Uno guarda algunos recuerdos de infancia como cofres antiguos. Con sus correspondencias de sensaciones, sus entretelas de misterio y alguna imagen especial. Igual que las estampas religiosas de otro tiempo. Uno de ellos, especialmente vívido, se refiere a las sirenas de los barcos.

Recuerdo muy bien que, algunas tardes, resonaban por la casa las bocinas de algún buque. Y mi abuela, entretenida en pelar guisantes en un rincón, movía la cabeza chasqueando la lengua. "Huy, huy. Eso es que va a llover".

Nunca entendí (y sigo igual) la relación que podían tener las sirenas del puerto con la lluvia. Pero me parecía una asociación misteriosa y sugerente.

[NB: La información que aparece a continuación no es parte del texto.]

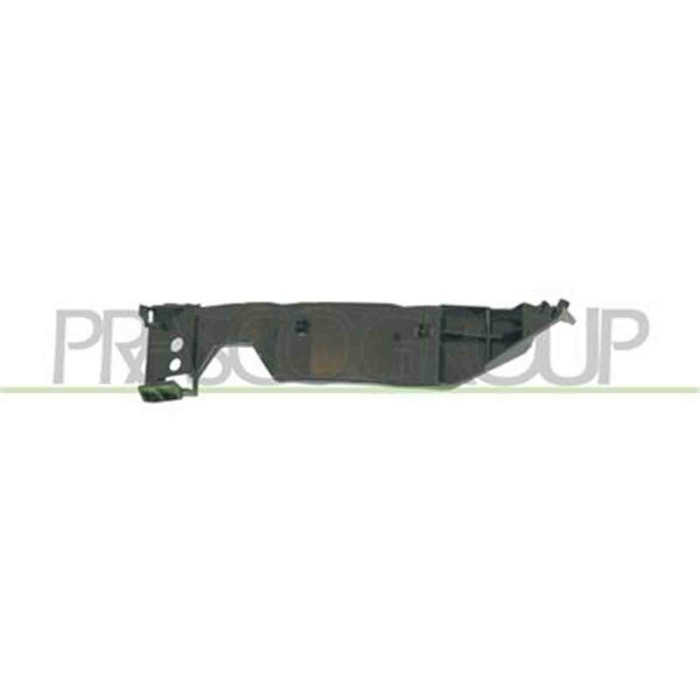 GUIDA_ALLA_SCELTA.JPG Staffa Laterale Destra Paraurti Anteriore Per Suzuki Swift Dal 2005 Al 2006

Desde entonces, he habitado en varias casas desde donde escucho esas voces profundas y estruendosas de los grandes navío. Son como lamentos de paquidermos marinos. Largas, moduladas, resonantes.

A veces, producen un corto eco que se pierde en la lontananza. Dándole más poesía aun, si cabe, al espectáculo sonoro.

Las he escuchado desde el Terreno, Son Alegre, Son Armadans, el centro. Evocan un mundo tan diferente... En medio de las calles, los coches, las tiendas, la gente, nos están dibujando la enorme soledad de alta mar. Los celajes inmensos. El ronroneo monótono de las máquinas en la noche. El olor a salitre. La nada. La ausencia.

Si sabes escucharlas, si las visualizas desde la casa o la calle, te amplían el horizonte vital hasta extremos mapamundescos. Te pierdes en el horizonte. Se te relaja el alma.

Supongo que los capitanes, cuando desde el puente de mando accionan la bocina, no son conscientes de ello. Creen que todo queda en el puerto. Pero no es así. Las sirenas se integran de una forma original y poética en la vida de la ciudad. De toda la ciudad.

Aunque no tengan nada que ver con la lluvia.